Prometheus server Parameters

Name Description Value
server.image.registry Prometheus image registry REGISTRY_NAME
server.image.repository Prometheus image repository REPOSITORY_NAME/prometheus
server.image.digest Prometheus image digest in the way sha256:aa…. Please note this parameter, if set, will override the tag image tag (immutable tags are recommended) ""
server.image.pullPolicy Prometheus image pull policy IfNotPresent
server.image.pullSecrets Prometheus image pull secrets []
server.configuration Promethus configuration. This content will be stored in the the prometheus.yaml file and the content can be a template. ""
server.alertingRules Prometheus alerting rules. This content will be stored in the the rules.yaml file and the content can be a template. {}
server.extraScrapeConfigs Promethus configuration, useful to declare new scrape_configs. This content will be merged with the ‘server.configuration’ value and stored in the the prometheus.yaml file. []

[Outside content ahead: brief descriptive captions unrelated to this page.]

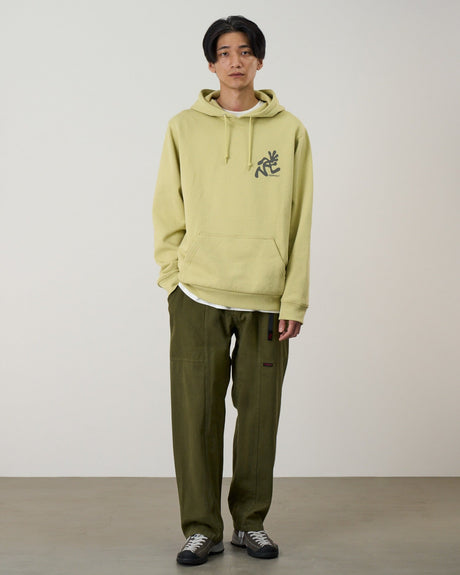 Gramicci Gadget Pant
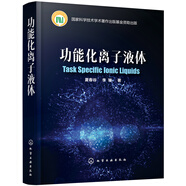 功能化離子液體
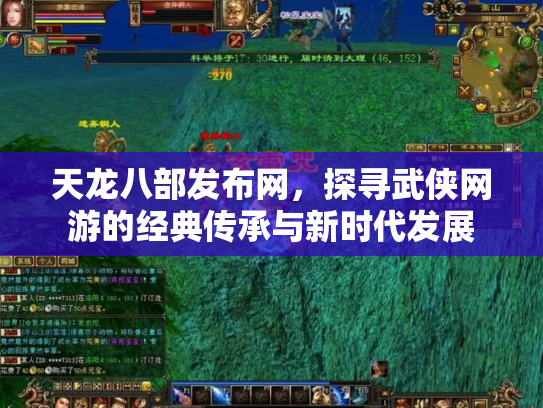 天龙八部发布网，探寻武侠网游的经典传承与新时代发展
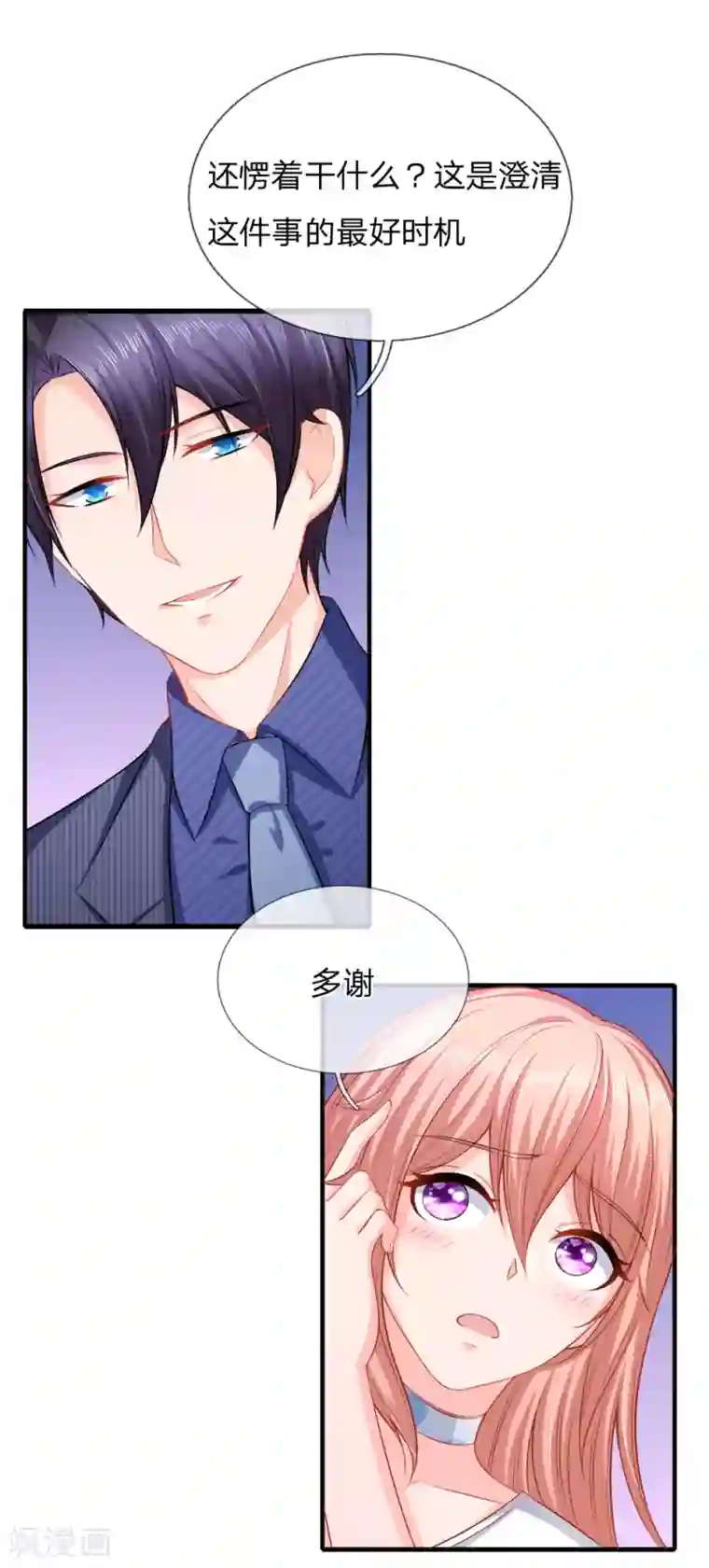 入骨婚宠:霸道总裁的错嫁小甜心第30话 专家出马，一锤定音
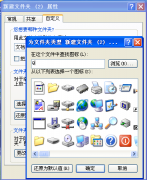 ܲ԰XPϵͳеļͼ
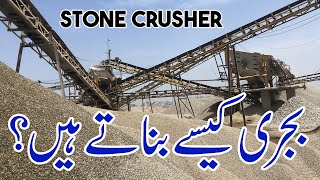 Stone Crusher Plant | بجری بنانے کا طریقہ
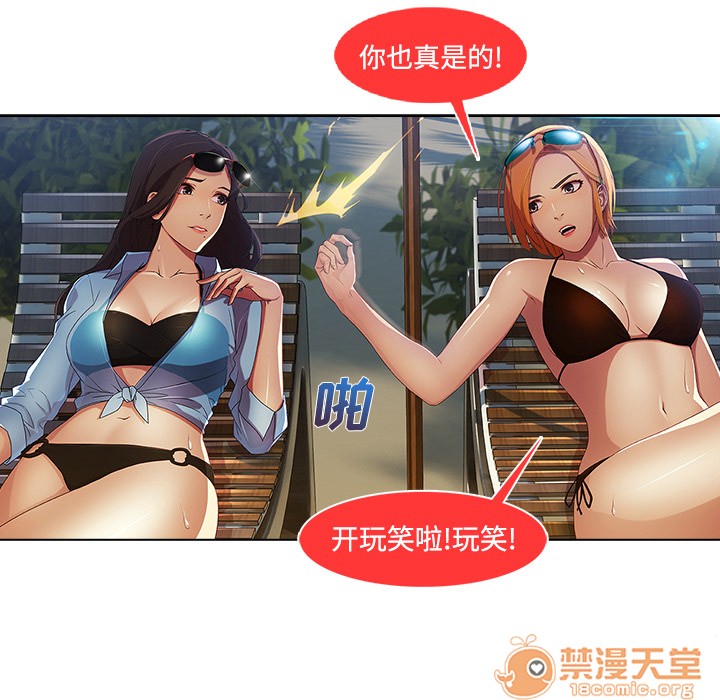 长腿姐姐/窈窕淑女[h漫]韩漫全集-长腿姐姐/窈窕淑女-第20話 長腿姐姐 | 第20話 无删减无遮挡章节图片 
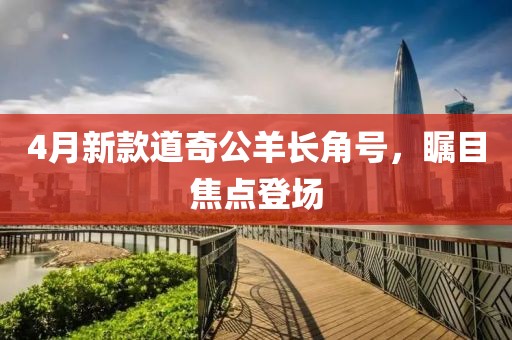 4月新款道奇公羊长角号，瞩目焦点登场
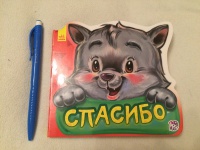 Изображение отзыва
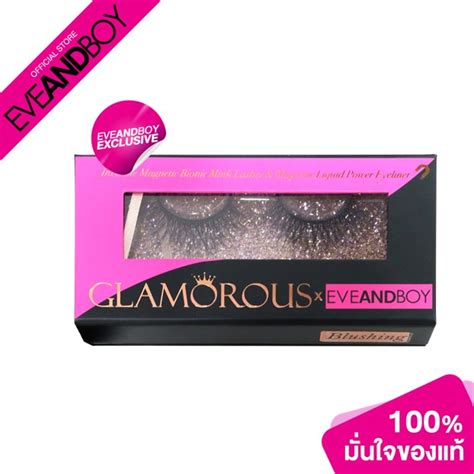 GLAMOROUS Invisible Magnetic Bionic Mink Lashes Set Exclusive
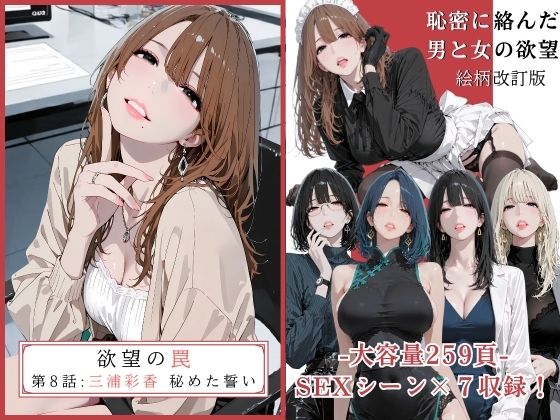 欲望の罠 – 第8話  〜三浦彩香 秘めた誓い〜  エロ画像679448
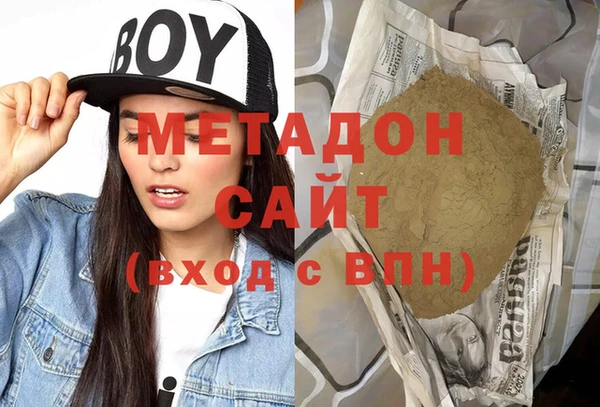 кокс Новодвинск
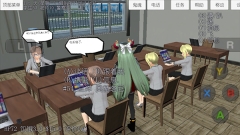 校园女生模拟器正版截图3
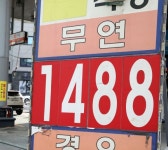 휘발유 가격 5주 연속 하락 L당 1481원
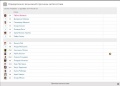 Миниатюра для версии от 09:32, 26 сентября 2015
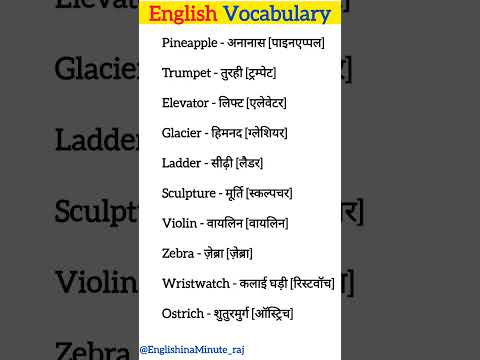 Most Important English Words Meaning/ Words Meaning in Hindi/ vocabulary words english learn #shorts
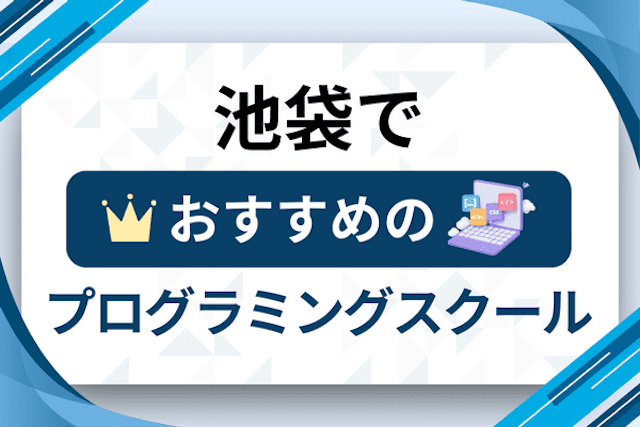 池袋のプログラミングスクール厳選17社！大人・社会人おすすめ教室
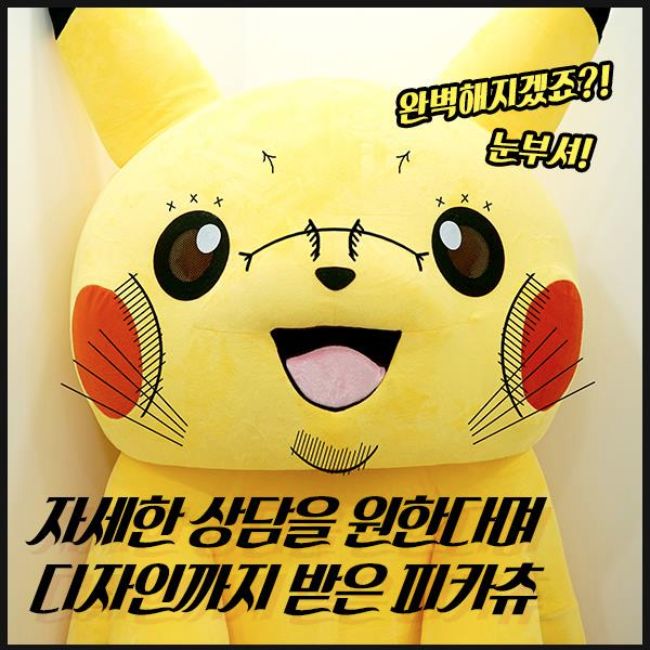 Pikachu Gets Plastic Surgery In South Korea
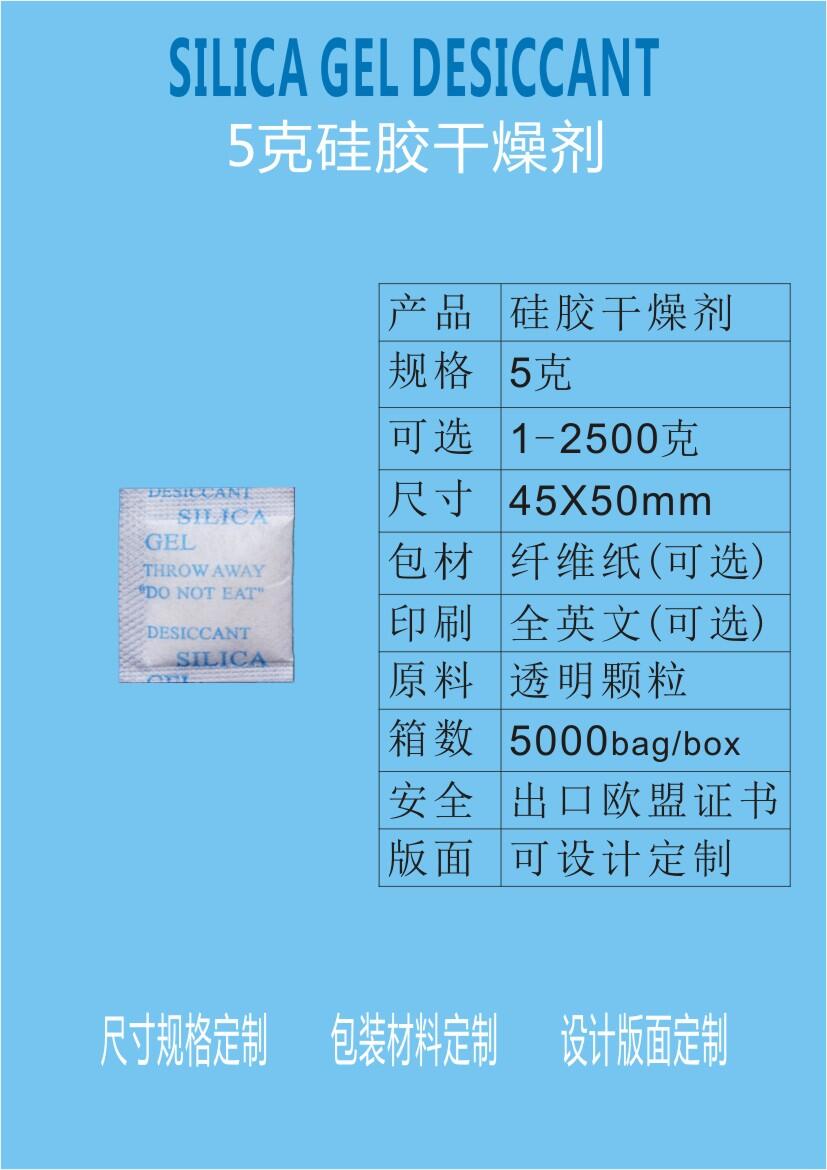 中山干燥劑，機(jī)械電子五金電器5克防潮珠，儀器燈飾工藝品服飾5g防潮劑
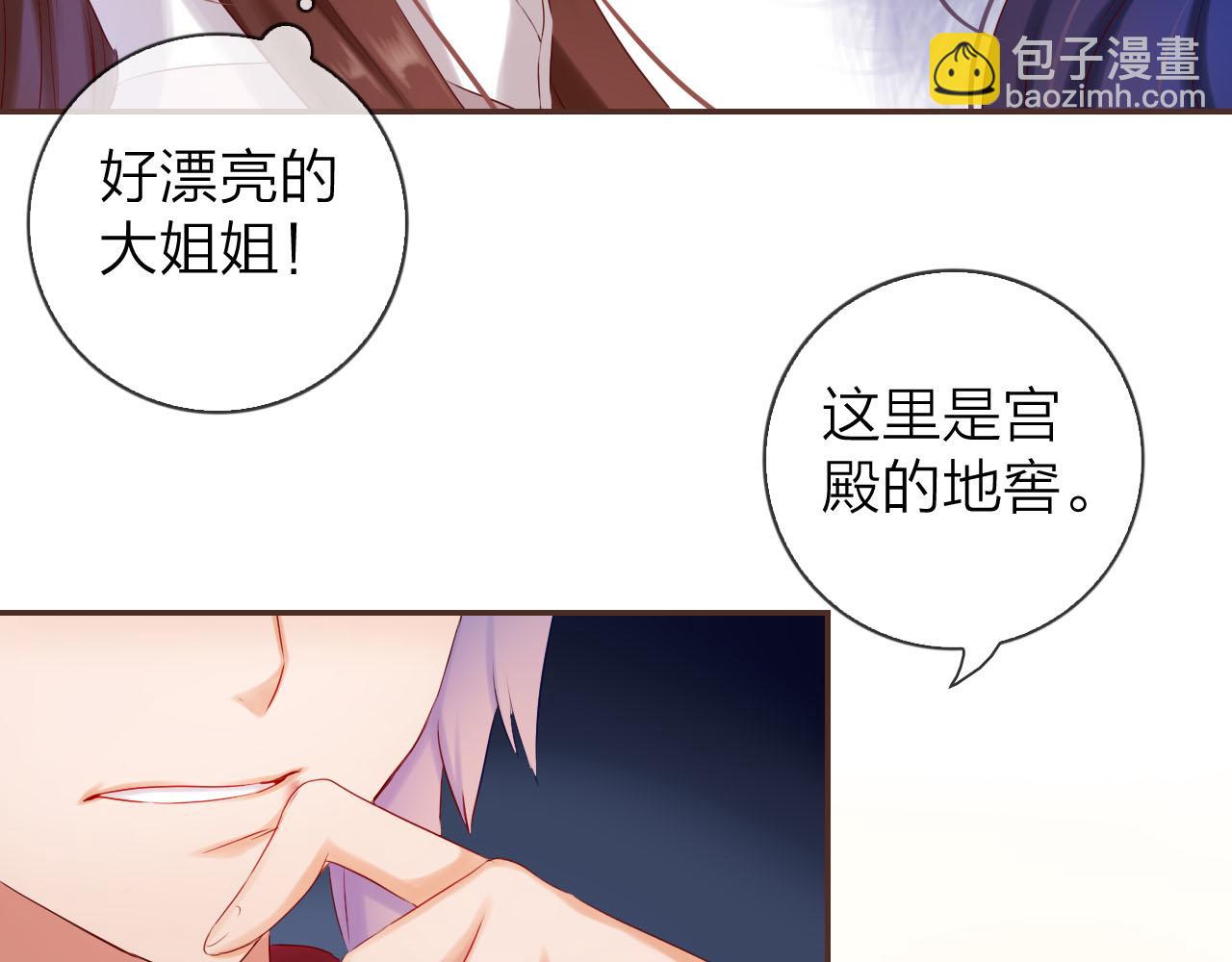 第42话 平底锅警告(1/3)-第44话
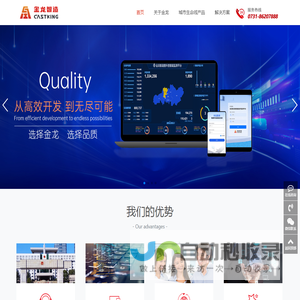 湖南金龙智造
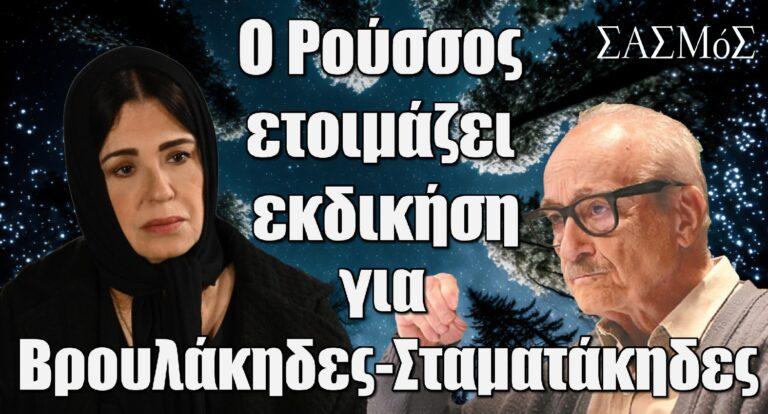 Σασμός: Ο Ρούσσος Σταματάκης ετοιμάζει εκδικήση για Βρουλάκηδες-Σταματάκηδες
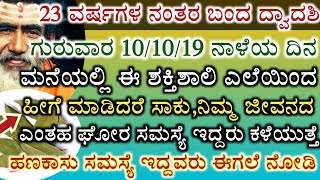 ನಾಳೆ ತಪ್ಪದೆ ಈ ಶಕ್ತಿಶಾಲಿ ಎಲೆಯಿಂದ ಈ ಸಣ್ಣ ಕೆಲಸ ಮಾಡಿ - Do this using this leaves and see the changes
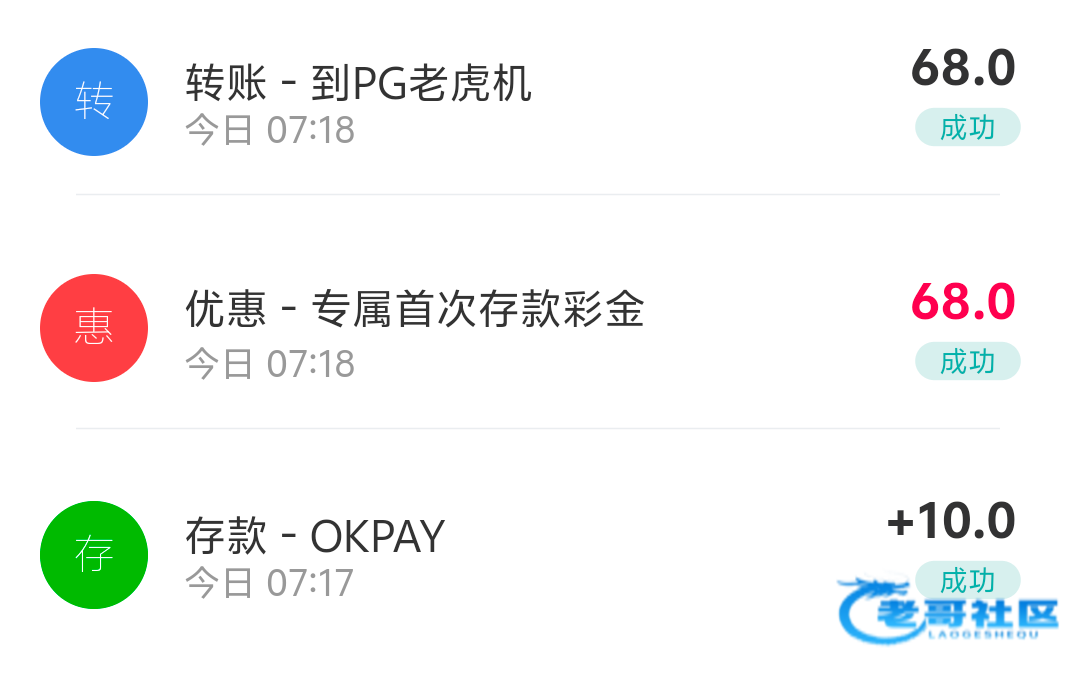 【球友会】 注册存款彩金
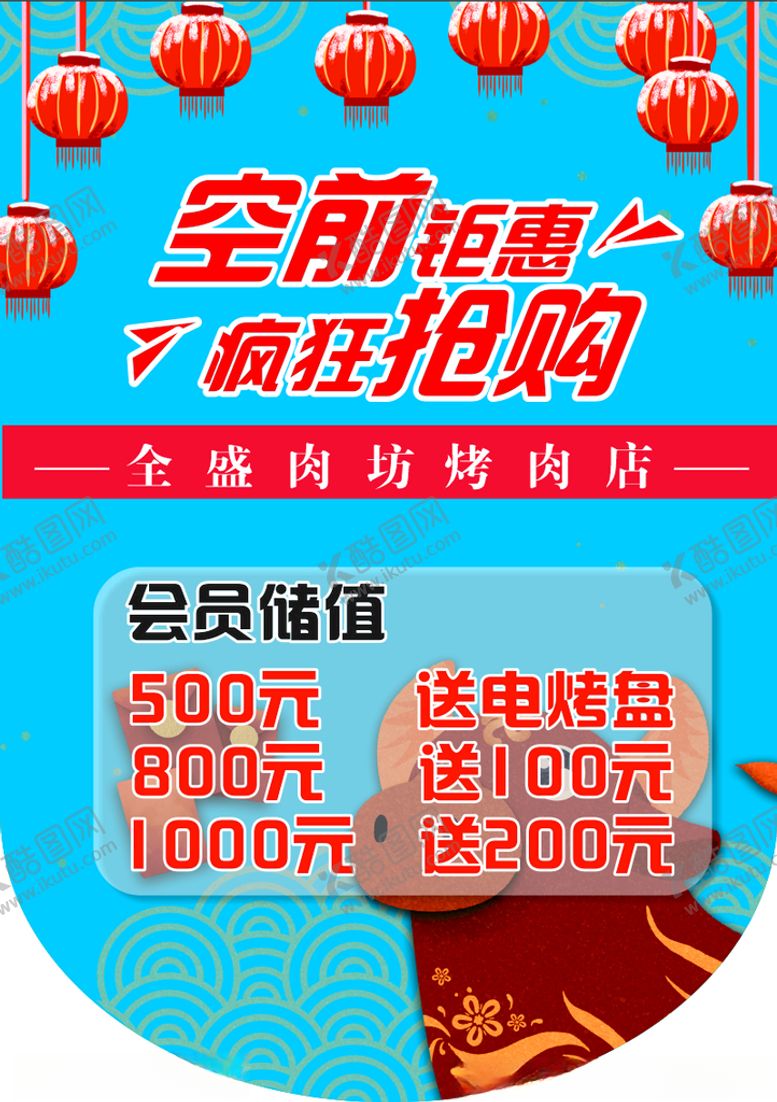 编号：74467103150144347835【酷图网】源文件下载-活动吊旗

server.replicaCount Number of Prometheus replicas to deploy 1
server.containerPorts.http Prometheus HTTP container port 9090
server.livenessProbe.enabled Enable livenessProbe on Prometheus containers true
server.livenessProbe.initialDelaySeconds Initial delay seconds for livenessProbe 5
server.livenessProbe.periodSeconds Period seconds for livenessProbe 20
server.livenessProbe.timeoutSeconds Timeout seconds for livenessProbe 3
server.livenessProbe.failureThreshold Failure threshold for livenessProbe 3
server.livenessProbe.successThreshold Success threshold for livenessProbe 1
server.readinessProbe.enabled Enable readinessProbe on Prometheus containers true
server.readinessProbe.initialDelaySeconds Initial delay seconds for readinessProbe 5
server.readinessProbe.periodSeconds Period seconds for readinessProbe 10
server.readinessProbe.timeoutSeconds Timeout seconds for readinessProbe 2
server.readinessProbe.failureThreshold Failure threshold for readinessProbe 5
server.readinessProbe.successThreshold Success threshold for readinessProbe 1
server.startupProbe.enabled Enable startupProbe on Prometheus containers false
server.startupProbe.initialDelaySeconds Initial delay seconds for startupProbe 2
server.startupProbe.periodSeconds Period seconds for startupProbe 5
server.startupProbe.timeoutSeconds Timeout seconds for startupProbe 2
server.startupProbe.failureThreshold Failure threshold for startupProbe 10
server.startupProbe.successThreshold Success threshold for startupProbe 1
server.customLivenessProbe Custom livenessProbe that overrides the default one {}
server.customReadinessProbe Custom readinessProbe that overrides the default one {}
server.customStartupProbe Custom startupProbe that overrides the default one {}
server.resourcesPreset Set container resources according to one common preset (allowed values: none, nano, micro, small, medium, large, xlarge, 2xlarge). This is ignored if server.resources is set (server.resources is recommended for production). nano
server.resources Set container requests and limits for different resources like CPU or memory (essential for production workloads) {}
server.podSecurityContext.enabled Enabled Prometheus pods’ Security Context true
server.podSecurityContext.fsGroupChangePolicy Set filesystem group change policy Always
server.podSecurityContext.sysctls Set kernel settings using the sysctl interface []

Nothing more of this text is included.